To solve the problem, we need to find the first term of a Harmonic Progression (H.P.) given that the sixth term is \( \frac{1}{61} \) and the tenth term is \( \frac{1}{105} \). ### Step-by-Step Solution: 1. **Understanding Harmonic Progression**: - A Harmonic Progression is the reciprocal of an Arithmetic Progression (A.P.).

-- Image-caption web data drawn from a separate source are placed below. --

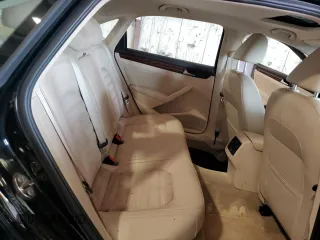2013 Volkswagen Passat SEL Premium z VIN 1VWCH7A32DC046888, wystawiony jako Copart lot #55735385 z przebiegiem 265 379 mil mil oraz Czysty tytuł • Clean title. Historia ofert i sprzedaży dostępna na DreamBid. Obrazek 10.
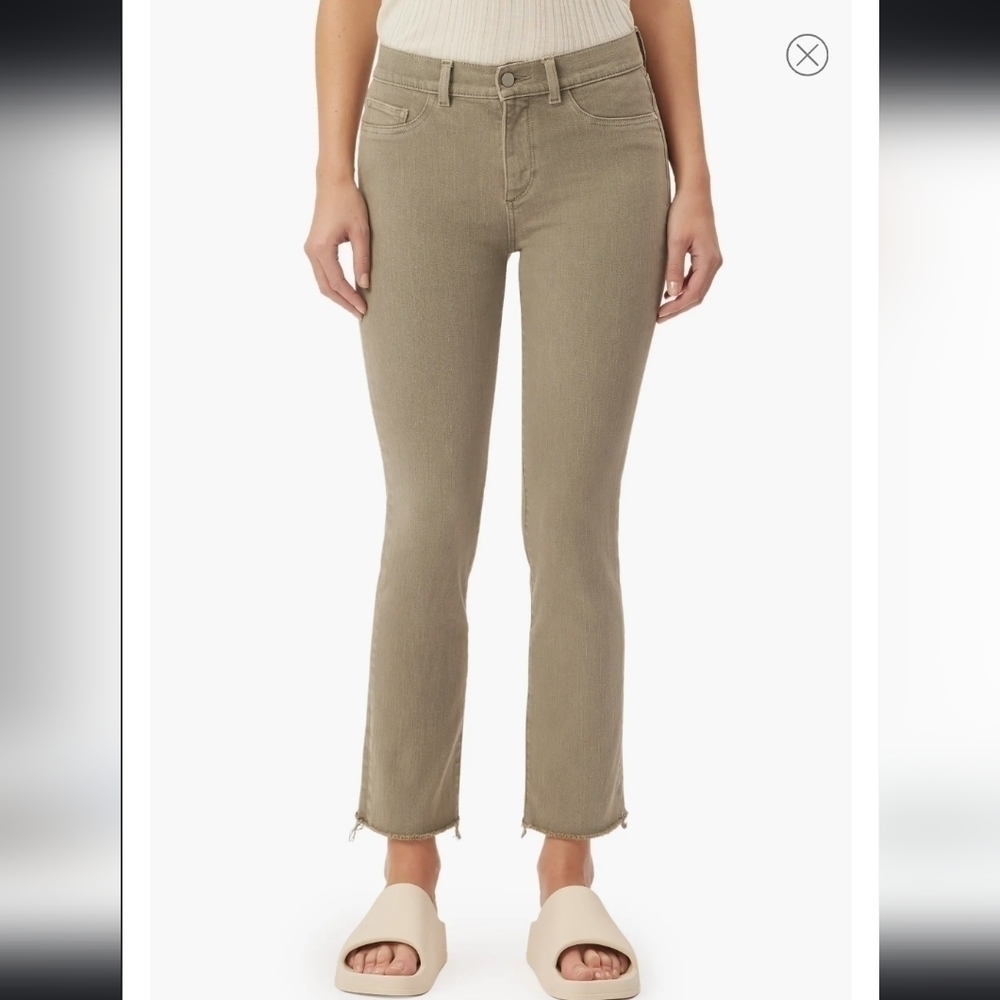 DL1961 Mara Mid Rise Straight Jeans in Lt Coastal size 25 fits more like 26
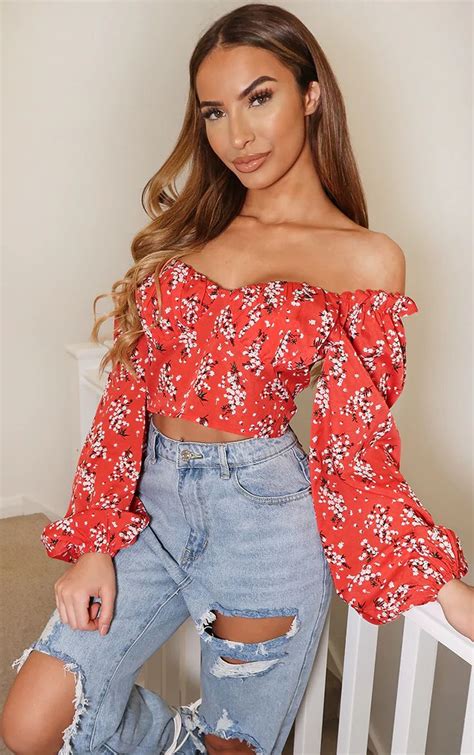 Rock the Summer with Floral Crop Tops: A Style Guide for Every Body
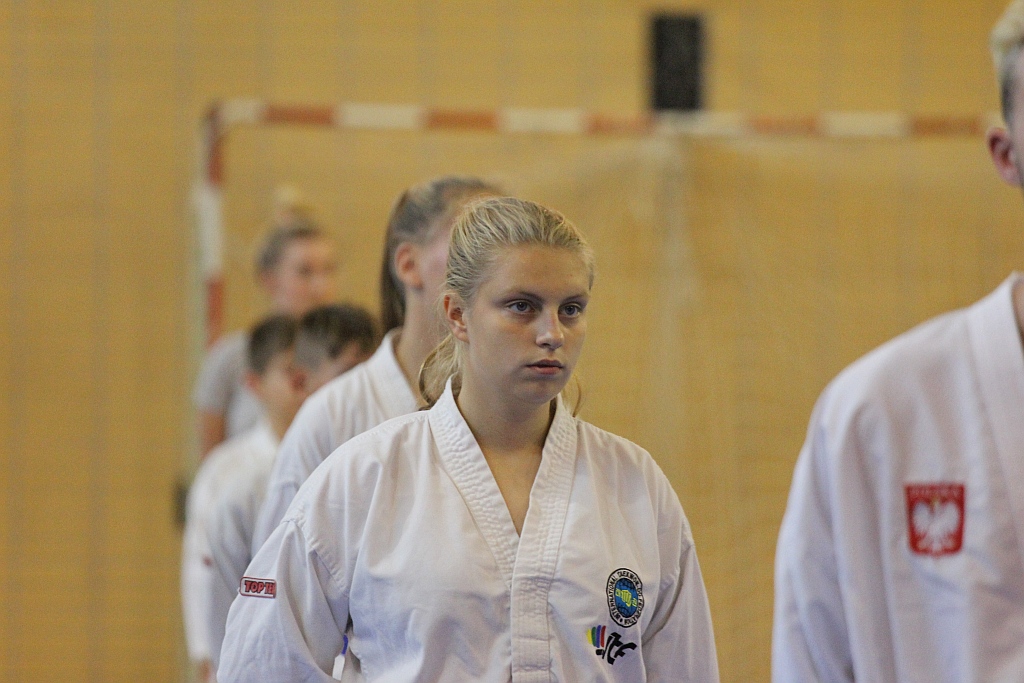 Legniccy taekwondocy pokazali swoje pucharowe trofea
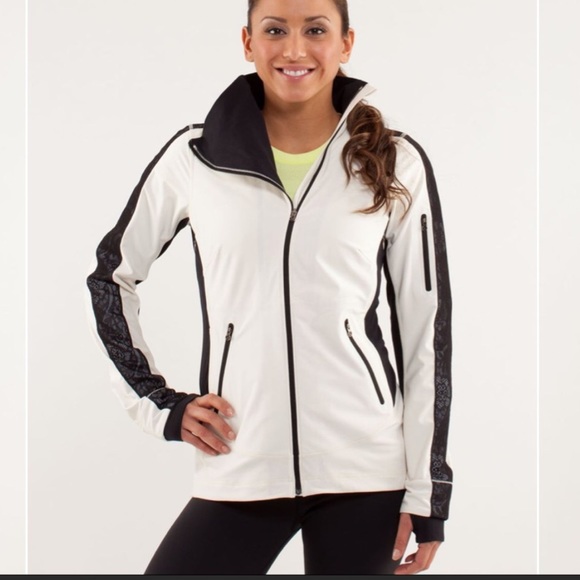 Lululemon run Draft Dodger Jacket size 4 - Picture 2 of 8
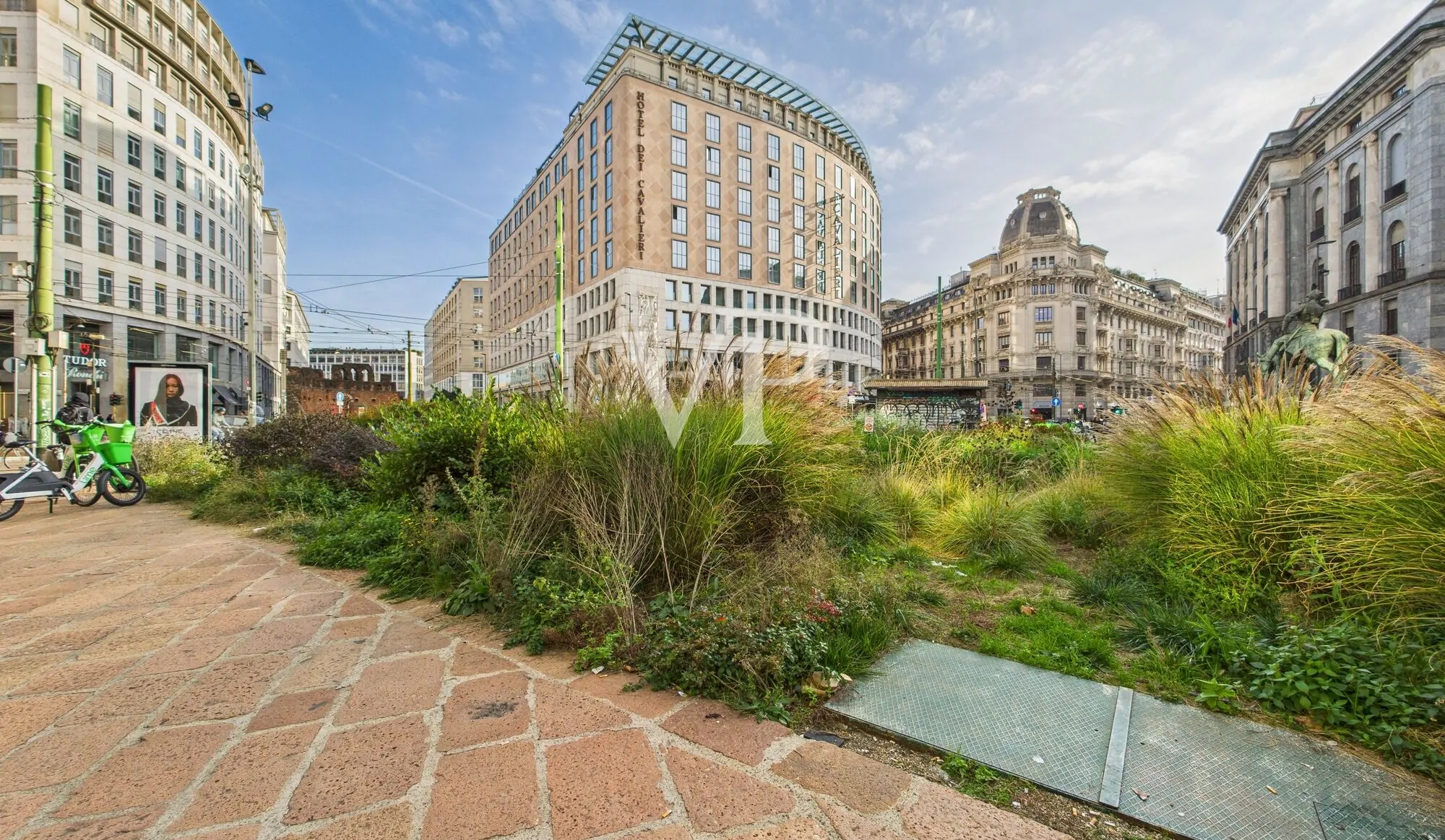 Repräsentatives zweigeschossiges Loft in Zone Missori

Therefore, if the \( n \)-th term of H.P. is \( H_n \), then the corresponding term in A.P. is \( A_n = \frac{1}{H_n} \). 2. **Setting Up the Terms**: - Given: - \( H_6 = \frac{1}{61} \) implies \( A_6 = 61 \) - \( H_{10} = \frac{1}{105} \) implies \( A_{10} = 105 \) 3. **Using the Formula for A.P.**: - The formula for the \( n \)-th term of an A.P. is: \[ A_n = A_1 + (n-1)d \] - For \( n = 6 \): \[ A_6 = A_1 + 5d \quad \text{(Equation 1)} \] - For \( n = 10 \): \[ A_{10} = A_1 + 9d \quad \text{(Equation 2)} \] 4. **Substituting Known Values**: - From Equation 1: \[ 61 = A_1 + 5d \] - From Equation 2: \[ 105 = A_1 + 9d \] 5. **Subtracting the Equations**: - Subtract Equation 1 from Equation 2: \[ 105 - 61 = (A_1 + 9d) - (A_1 + 5d) \] \[ 44 = 4d \] - Solving for \( d \): \[ d = \frac{44}{4} = 11 \] 6. **Finding \( A_1 \)**: - Substitute \( d \) back into Equation 1: \[ 61 = A_1 + 5 \times 11 \] \[ 61 = A_1 + 55 \] \[ A_1 = 61 - 55 = 6 \] 7. **Finding the First Term of H.P.**: - Since the first term of H.P. is the reciprocal of the first term of A.P.: \[ H_1 = \frac{1}{A_1} = \frac{1}{6} \] ### Final Answer: The first term of the Harmonic Progression is \( \frac{1}{6} \).